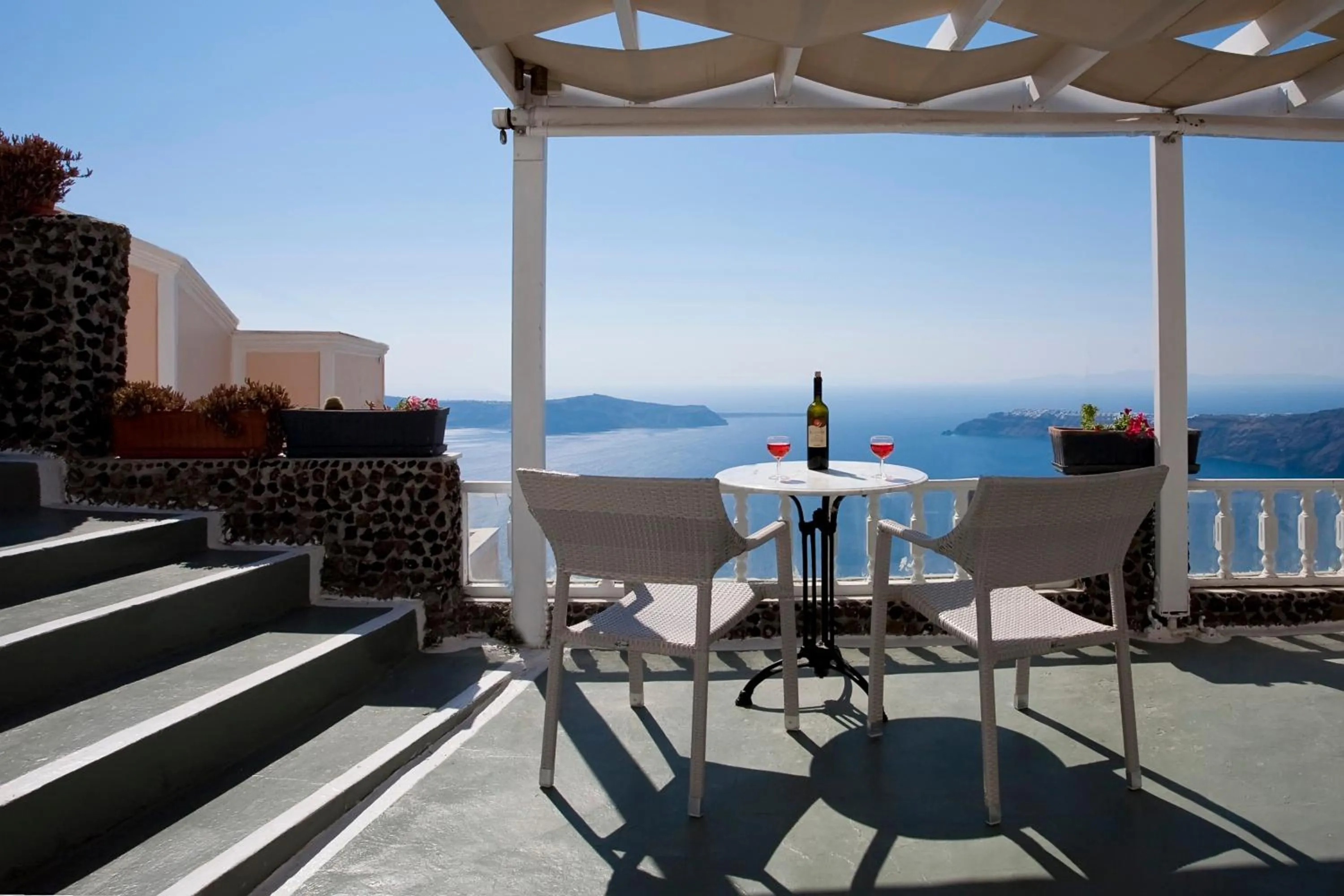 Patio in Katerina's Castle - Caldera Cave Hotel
--
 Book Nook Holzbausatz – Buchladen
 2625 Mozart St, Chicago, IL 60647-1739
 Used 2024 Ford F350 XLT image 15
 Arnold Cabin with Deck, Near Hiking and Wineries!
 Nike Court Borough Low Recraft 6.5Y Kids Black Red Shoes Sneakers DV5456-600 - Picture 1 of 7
---
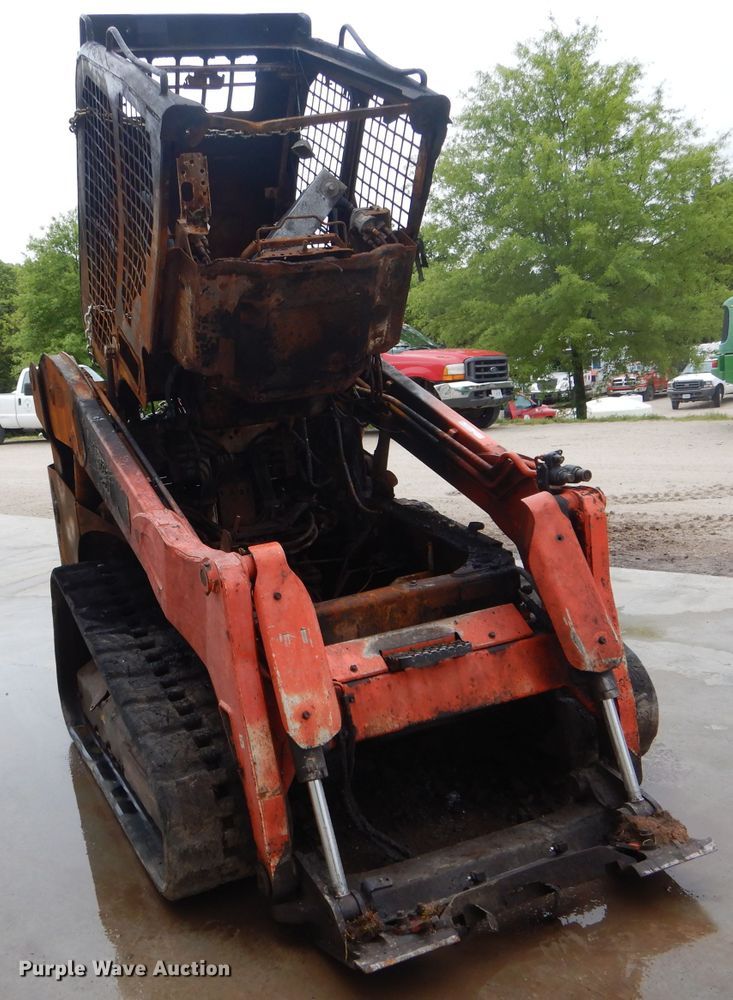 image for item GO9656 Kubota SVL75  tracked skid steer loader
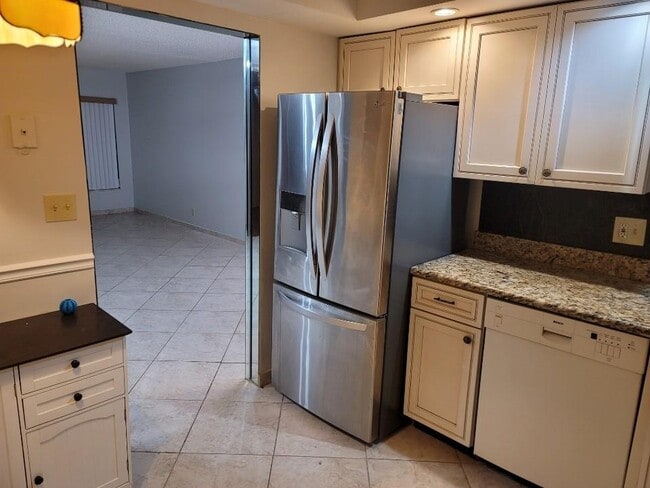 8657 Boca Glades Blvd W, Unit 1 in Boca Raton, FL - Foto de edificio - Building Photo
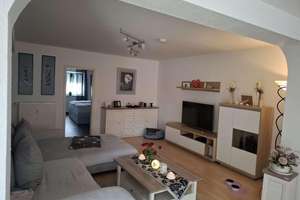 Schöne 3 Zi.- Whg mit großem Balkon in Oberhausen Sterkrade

- _EXERCISE_:
Range to copy from the listing above: the line containing "image for item" down to the line containing "Schöne 3 Zi.- Whg", both included. Reproduce it exactly, minus the pictures, and add nothing.

- _SOLVED PROBLEM_:
 image for item GO9656 Kubota SVL75  tracked skid steer loader
 8657 Boca Glades Blvd W, Unit 1 in Boca Raton, FL - Foto de edificio - Building Photo
 Schöne 3 Zi.- Whg mit großem Balkon in Oberhausen Sterkrade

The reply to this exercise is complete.